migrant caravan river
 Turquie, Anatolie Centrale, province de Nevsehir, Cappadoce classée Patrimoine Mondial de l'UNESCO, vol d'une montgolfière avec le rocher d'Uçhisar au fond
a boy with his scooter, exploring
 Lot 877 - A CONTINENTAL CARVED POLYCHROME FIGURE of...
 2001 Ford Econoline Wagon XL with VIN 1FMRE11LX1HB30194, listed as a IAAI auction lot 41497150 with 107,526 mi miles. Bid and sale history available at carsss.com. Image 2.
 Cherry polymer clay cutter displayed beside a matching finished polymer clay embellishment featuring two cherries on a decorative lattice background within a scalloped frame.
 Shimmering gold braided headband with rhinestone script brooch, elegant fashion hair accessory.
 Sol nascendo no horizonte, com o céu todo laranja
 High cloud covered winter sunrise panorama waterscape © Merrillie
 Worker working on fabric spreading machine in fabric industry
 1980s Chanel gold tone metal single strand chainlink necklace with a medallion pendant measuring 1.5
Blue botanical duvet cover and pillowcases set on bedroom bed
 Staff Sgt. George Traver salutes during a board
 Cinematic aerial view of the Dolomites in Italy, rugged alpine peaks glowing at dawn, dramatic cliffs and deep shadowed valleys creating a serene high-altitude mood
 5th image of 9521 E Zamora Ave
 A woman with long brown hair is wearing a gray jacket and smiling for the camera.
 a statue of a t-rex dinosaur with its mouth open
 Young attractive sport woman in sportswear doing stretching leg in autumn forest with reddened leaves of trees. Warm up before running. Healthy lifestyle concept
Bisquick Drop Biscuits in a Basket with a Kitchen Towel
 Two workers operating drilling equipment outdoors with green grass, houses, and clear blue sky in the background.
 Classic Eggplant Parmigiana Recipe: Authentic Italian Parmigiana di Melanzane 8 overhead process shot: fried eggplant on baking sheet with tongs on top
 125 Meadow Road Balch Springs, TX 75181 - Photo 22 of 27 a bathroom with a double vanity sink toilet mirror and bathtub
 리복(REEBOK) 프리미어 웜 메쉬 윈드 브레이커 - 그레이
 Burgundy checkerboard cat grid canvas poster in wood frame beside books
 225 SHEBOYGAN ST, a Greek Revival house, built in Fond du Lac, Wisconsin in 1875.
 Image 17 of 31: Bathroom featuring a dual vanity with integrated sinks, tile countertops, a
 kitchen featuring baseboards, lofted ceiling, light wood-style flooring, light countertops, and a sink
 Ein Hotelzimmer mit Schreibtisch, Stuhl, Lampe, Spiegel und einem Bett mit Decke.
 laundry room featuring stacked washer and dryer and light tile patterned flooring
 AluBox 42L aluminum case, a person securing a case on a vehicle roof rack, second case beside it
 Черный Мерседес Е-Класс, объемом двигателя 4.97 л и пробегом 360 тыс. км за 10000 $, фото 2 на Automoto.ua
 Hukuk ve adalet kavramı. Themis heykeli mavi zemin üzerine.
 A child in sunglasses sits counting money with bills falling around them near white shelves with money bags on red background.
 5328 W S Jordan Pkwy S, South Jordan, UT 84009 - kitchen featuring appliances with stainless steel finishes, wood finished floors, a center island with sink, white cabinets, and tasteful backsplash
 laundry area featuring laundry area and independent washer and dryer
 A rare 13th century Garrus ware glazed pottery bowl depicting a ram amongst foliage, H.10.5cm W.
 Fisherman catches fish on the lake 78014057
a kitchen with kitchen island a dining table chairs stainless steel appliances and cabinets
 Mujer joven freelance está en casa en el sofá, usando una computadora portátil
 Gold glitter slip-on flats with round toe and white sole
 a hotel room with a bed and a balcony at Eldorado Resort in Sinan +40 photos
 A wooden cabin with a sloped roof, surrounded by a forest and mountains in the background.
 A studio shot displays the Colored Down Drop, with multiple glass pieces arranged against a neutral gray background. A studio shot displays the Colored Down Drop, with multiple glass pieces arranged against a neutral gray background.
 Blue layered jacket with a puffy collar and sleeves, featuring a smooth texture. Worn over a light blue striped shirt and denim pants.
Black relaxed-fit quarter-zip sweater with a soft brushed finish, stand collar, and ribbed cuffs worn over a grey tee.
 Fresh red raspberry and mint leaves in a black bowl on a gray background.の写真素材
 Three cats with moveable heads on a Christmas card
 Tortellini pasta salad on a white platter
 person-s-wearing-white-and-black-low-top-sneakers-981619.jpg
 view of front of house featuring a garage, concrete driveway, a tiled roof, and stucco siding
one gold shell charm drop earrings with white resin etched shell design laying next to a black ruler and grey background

++++++++++++++++++++

-- Work item --
From the entries above, tally every line holding the string "frame". Give only the count.

-- Expected answer --
2